Generating a Spark StructType from a Scala Case Class
Problem
You are using Scala and Spark, and you want to generate a spark StructType
schema from a Scala Class.
Solution
You can take advantage of the Scala Reflection system that will transform a case class to a spark struct for you. Here you can find a code example:
import org.apache.spark.sql.catalyst.ScalaReflection
import org.apache.spark.sql.types.{DataTypes, StringType, StructType}
// Define the Case Class
case class MyScalaClass(stringValue: String, intValue: Int, booleanValue: Boolean)
// Use the Reflection System
val sparkSchema = ScalaReflection.schemaFor[MyScalaClass].dataType.asInstanceOf[StructType]
// Check the output
sparkSchema.printTreeString()
>--- Output
root
|-- stringValue: string (nullable = true)
|-- intValue: integer (nullable = false)
|-- booleanValue: boolean (nullable = false)
This approach also works with complex types and compound classes.
import org.apache.spark.sql.catalyst.ScalaReflection
import org.apache.spark.sql.types.{DataTypes, StringType, StructType}
// Define the Case Classes
case class MyScalaClass(stringValue: String, intValue: Int, booleanValue: Boolean)
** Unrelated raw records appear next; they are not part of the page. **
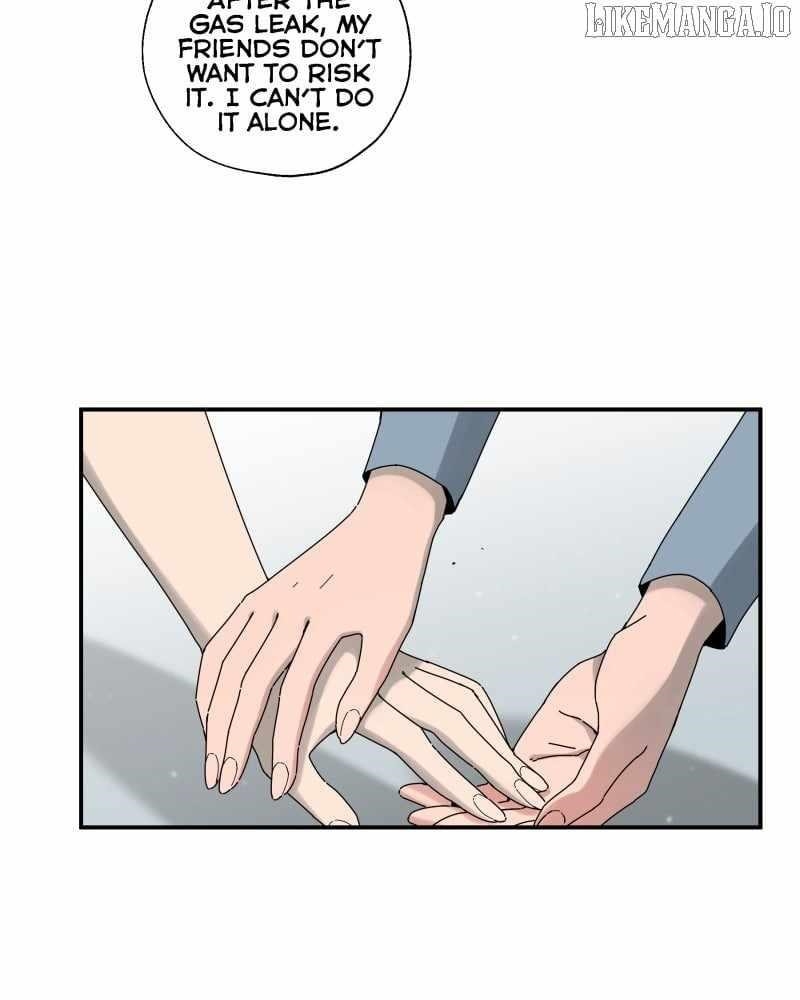 BlackSun Chapter 100 - Page 34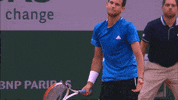 france sport GIF by Roland-Garros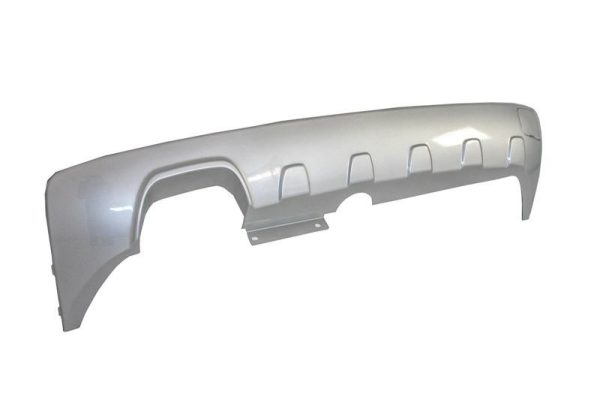 Skid Plates Off Road and Running Boards suitable for VOLVO XC90 (2007-2013) R-Design - Image 3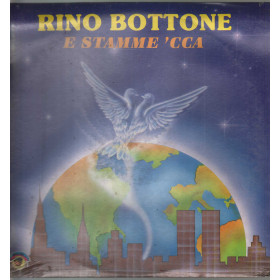 Rino Bottone Lp Vinile Rino Bottone / M.E.A. Sud – VLP657 Sigillato Rino Bottone Lp Vinile Rino Bottone / M.E.A. Sud – VLP657 Sigillato
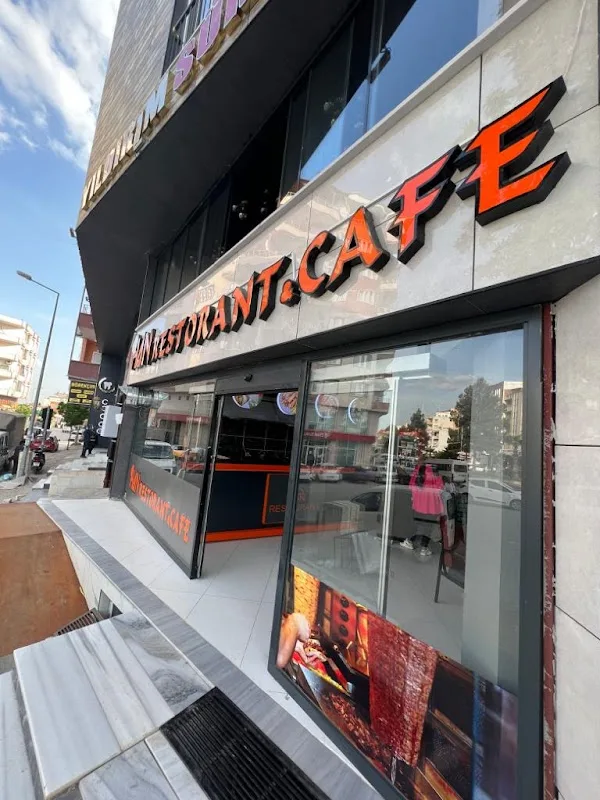 Han Restaurant Kahta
case class MyComplexClass(stringValue: String, myComplexType: MyScalaClass)
// Use the Reflection System
val complexSparkSchema = ScalaReflection.schemaFor[MyComplexClass].dataType.asInstanceOf[StructType]
// Check the output
complexSparkSchema.printTreeString()
>--- Output
root
|-- stringValue: string (nullable = true)
|-- myComplexType: struct (nullable = true)
| |-- stringValue: string (nullable = true)
| |-- intValue: integer (nullable = false)
| |-- booleanValue: boolean (nullable = false)